DEUX MOI
La ficheRéalisé par Cédric Klapisch – Avec Ana Girardot, François Civil, François Berléand, Camille Cottin – Comédie dramatique – France – 11 septembre 2019 – 1h50
La critique du film
Après une escapade dans le vignoble bourguignon, Cédric Klapisch revient à l’effervescence des grandes villes. On le sait, le cinéaste aime filmer les villes, leurs quartiers, leurs ambiances. Barcelone dans L’Auberge espagnole, New York dans Casse-tête chinois, Paris dans Deux moi. Comme elle l’avait déjà été dans Chacun cherche son chat et Paris, la capitale est presque ici un personnage à part entière. Si on ressent toujours l’amour du cinéaste pour cette ville, elle est aussi ici une menace. Trop grande, trop peuplée, elle noie les êtres. Et parmi eux, Rémy et Mélanie, deux trentenaires célibataires, qui vivent leur routine métro/boulot/dodo seuls dans leurs appartements et flirtent avec la dépression. Les immeubles de Rémy et Mélanie sont mitoyens, ils se croisent mais ne se voient pas, mais peut-être qu’un jour…
La trame de Deux moi n’est pas sans rappeler celle de la jolie comédie romantique argentine Medianeras, sortie en 2011. Cédric Klapisch choisit en effet le même angle de la comédie tendre et mélancolique pour traiter du sujet de la solitude dans les grandes villes.
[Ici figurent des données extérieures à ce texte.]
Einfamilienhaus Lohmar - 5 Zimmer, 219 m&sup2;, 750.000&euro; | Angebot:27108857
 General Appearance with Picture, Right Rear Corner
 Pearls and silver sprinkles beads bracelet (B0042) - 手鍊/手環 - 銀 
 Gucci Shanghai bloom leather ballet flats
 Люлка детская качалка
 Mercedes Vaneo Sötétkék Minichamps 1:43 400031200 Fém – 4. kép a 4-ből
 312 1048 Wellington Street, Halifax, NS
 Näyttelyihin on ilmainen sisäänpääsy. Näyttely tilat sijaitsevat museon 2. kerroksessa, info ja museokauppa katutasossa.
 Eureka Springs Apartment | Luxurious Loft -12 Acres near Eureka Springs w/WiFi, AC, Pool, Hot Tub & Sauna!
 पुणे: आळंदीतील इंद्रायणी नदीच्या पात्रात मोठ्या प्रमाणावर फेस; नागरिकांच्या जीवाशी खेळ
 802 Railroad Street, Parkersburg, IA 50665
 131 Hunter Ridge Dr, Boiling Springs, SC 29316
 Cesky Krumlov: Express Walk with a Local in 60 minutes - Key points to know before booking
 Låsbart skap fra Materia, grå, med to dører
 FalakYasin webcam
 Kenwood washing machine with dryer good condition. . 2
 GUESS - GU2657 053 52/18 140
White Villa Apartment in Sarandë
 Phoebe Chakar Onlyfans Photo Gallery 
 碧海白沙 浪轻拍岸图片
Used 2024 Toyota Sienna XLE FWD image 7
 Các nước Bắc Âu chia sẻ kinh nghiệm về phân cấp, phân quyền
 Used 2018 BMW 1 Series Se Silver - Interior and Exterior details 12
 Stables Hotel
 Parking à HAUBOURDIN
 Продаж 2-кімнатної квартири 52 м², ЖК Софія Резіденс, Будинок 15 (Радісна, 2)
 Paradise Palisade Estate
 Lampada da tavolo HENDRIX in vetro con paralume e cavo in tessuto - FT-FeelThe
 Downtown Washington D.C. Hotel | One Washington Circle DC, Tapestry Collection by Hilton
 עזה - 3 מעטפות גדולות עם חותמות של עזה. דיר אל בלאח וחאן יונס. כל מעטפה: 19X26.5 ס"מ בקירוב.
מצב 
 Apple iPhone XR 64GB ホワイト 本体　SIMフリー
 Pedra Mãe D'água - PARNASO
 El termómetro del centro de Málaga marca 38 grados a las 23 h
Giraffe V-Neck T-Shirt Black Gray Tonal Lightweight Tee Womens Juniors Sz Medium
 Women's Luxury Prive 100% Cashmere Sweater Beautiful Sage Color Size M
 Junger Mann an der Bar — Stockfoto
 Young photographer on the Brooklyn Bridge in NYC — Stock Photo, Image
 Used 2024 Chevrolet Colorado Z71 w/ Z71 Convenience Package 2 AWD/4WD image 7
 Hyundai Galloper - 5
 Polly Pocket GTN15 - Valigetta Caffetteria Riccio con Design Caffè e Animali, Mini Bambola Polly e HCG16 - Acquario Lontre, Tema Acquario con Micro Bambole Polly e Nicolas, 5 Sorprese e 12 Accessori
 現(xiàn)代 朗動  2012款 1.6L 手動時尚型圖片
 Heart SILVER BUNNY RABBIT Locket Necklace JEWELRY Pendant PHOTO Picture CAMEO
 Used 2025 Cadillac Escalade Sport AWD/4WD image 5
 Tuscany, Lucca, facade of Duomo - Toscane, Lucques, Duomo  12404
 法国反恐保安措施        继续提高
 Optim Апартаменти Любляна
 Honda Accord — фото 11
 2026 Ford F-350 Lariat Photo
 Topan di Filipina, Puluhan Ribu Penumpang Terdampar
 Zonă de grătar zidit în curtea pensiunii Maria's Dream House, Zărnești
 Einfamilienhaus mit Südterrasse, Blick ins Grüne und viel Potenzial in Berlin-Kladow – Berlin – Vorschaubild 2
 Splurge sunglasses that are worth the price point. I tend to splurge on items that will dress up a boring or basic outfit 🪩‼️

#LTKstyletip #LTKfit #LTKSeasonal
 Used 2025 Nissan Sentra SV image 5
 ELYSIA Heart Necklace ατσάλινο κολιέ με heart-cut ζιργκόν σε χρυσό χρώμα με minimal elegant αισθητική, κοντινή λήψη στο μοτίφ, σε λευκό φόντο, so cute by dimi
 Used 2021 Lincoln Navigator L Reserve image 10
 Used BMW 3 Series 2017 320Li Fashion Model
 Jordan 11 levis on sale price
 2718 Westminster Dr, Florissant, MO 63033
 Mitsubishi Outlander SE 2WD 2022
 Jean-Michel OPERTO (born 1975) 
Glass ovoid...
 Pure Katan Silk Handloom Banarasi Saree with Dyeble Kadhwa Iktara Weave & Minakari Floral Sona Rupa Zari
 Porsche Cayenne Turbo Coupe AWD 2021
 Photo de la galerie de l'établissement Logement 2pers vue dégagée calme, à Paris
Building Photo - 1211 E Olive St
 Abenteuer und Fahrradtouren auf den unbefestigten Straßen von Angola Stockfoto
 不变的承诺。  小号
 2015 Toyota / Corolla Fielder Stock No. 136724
En observateur de son temps, le cinéaste capte ce paradoxe amplifié aujourd’hui par la multiplicité des réseaux sociaux, qui biaisent les relations entre les êtres. Facebook permet de retrouver des vieilles connaissances qu’on avait sûrement choisit d’oublier pour une bonne raison (scène mémorable avec la sympathique participation de Pierre Niney) ; Tinder ne permet pas de trouver une âme sœur cachée à l’autre bout de la ville mais juste de faire son marché parmi des gens qui sont juste à côté de nous. Les deux personnages sont largués dans ce monde ultra-connecté auxquels ils ne sont pas adaptés.
Ce qui nous lie
Pour Klapisch la solution se trouve donc dans le retour aux relations humaines réelles, notamment avec un épicier de quartier gentiment malhonnête campé par Simon Abkarian, ou encore avec une collègue (pétillante Eye Haïdara) au milieu d’une immense plateforme téléphonique impersonnelle. Mais dans une époque où on ne fait plus attention à personne, et à soi en premier, le cinéaste invite également ses personnages à se retrouver eux-mêmes, à travers des psychothérapies. Souvent moquées au cinéma, les séances chez les psys le sont un peu également au début de Deux moi, mais plus parce que les deux personnages principaux se sentent étrangers à ce milieu. François Berléand (qui n’a jamais été aussi calme) et Camille Cottin (barrée mais subtile) apparaissent au départ comme des caricatures de psys, mais vont progressivement basculer vers plus de nuances et devenir des personnages extrêmement attachants et nécessaires à l’évolution des deux héros.
Les scènes chez les psys sont assez représentatives du cinéma de Cédric Klapisch, et de Deux moi en particulier, qui ne renie jamais sur un humour franc (mais toujours fin et bienveillant), tout en assumant de devenir grave quand il le faut. Le cinéaste a un talent certain pour capter les émotions du quotidien, à emporter son spectateur avec de simples trames de vie mais auquel celui-ci peut s’identifier et s’attacher. Deux moi s’avère particulièrement réussi dans le genre, la narration du film ne reposant finalement que sur le faux-suspense « Rémy et Mélanie vont-ils se rencontrer ? ». Si cela fonctionne aussi bien c’est parce que le cinéaste s’entoure toujours des bons comédiens. Pour Deux moi, il fait de nouveau appel à Ana Girardot et François Civil, déjà au casting de Ce qui nous lie. La première livre une nouvelle fois une prestation subtile, tendre et touchante. Le second, dont on peut décidément dire que 2019 est son année, révèle une belle fragilité et un jeu parfaitement nuancé.
Avec Deux moi, Cédric Klapisch livre une nouvelle comédie tendre dans l’air du temps (peut-être sa meilleure depuis Les Poupées russes) dans laquelle les amateurs du cinéaste auront un plaisir fou à se plonger.